Don’t bother taking me to your leader

It has become commonplace to suggest that political life is going through some kind of drawn-out crisis of confidence. We have little faith in the ability of leaders to deliver anything, particularly leadership. Not that this situation is new, leaders have always been a mixed bunch, but now we seem to expect more and leadership has not kept pace with those expectations.

Leadership itself seems to be one of those ideals we hold on to without quite accepting it for what it is. It is an ideal, a model aspiration rather than some reality we are likely to see in the messy complexities of real life. It is a somewhat simple ideal of course and simple ideals have the virtue of being democratic simply because they are accessible.

Unfortunately as with so many simple ideals the undoubted virtue of simplicity is outweighed by our inability to fit the ideal into our non-ideal world, the one we have to live in and understand if we are to live successfully. We are unable to find leaders to match the ideal and almost inevitably our confused attempts to find them tend to throw up candidates who may be willing but are always less than ideal.

Indeed they tend to fall so deplorably short of the ideal that we pretend to be shocked at their blatant incapacity. We expand on our fake shock by calling for something to be done without choosing to notice that our leadership ideal is hardly likely to exist in any reality, let alone ours with all its irreconcilable temptations, pitfalls and outright impossibilities.
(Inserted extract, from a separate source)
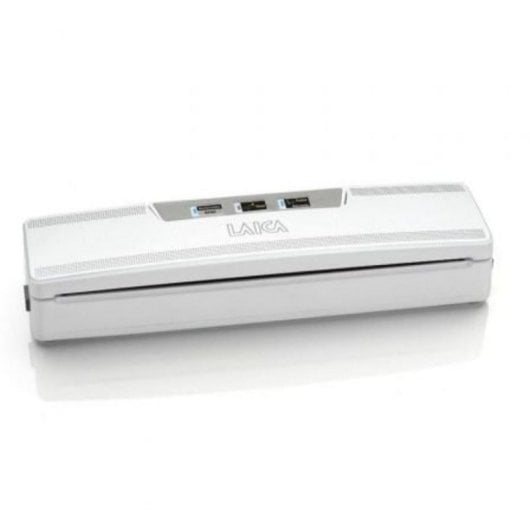 Envasadora a Vácuo Laica VT3210 600 mbar 100W 30 cm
Maybe leadership was fine and dandy as an ideal for less complex worlds where a few good leaders helped make up for a procession of also-rans mixed in with the inevitable bad apples, bunglers and maniacs. However we cannot start from there but are stuck with the here and now and things are not going well. We think, or rather we must pretend to think it is all the leader’s fault and another leader would make a better fist of things, particularly as those at the head of the queue are constantly assuring us of their ability to do the job. Subtly assuring us of course – as subtly as a poke in the eye but that is politics too.

We live complex lives in complex environments which are not becoming, nor are they likely to become appreciably simpler. Not within any realistic political time frame. Modern leaders are not even close to mastering a fraction of that complexity and even though they have hordes of advisers and bureaucrats to digest the complexity, it is still too complex for a single individual. Even an executive summary is no good if the executive does not even have the background to know what is being summarised and what may be missing from the summary. Dumbing down only takes us so far. The same goes for leaders. They are only human as we know too well, so why stick with an ideal which requires them to be far more than human?

Why stick with the ideal?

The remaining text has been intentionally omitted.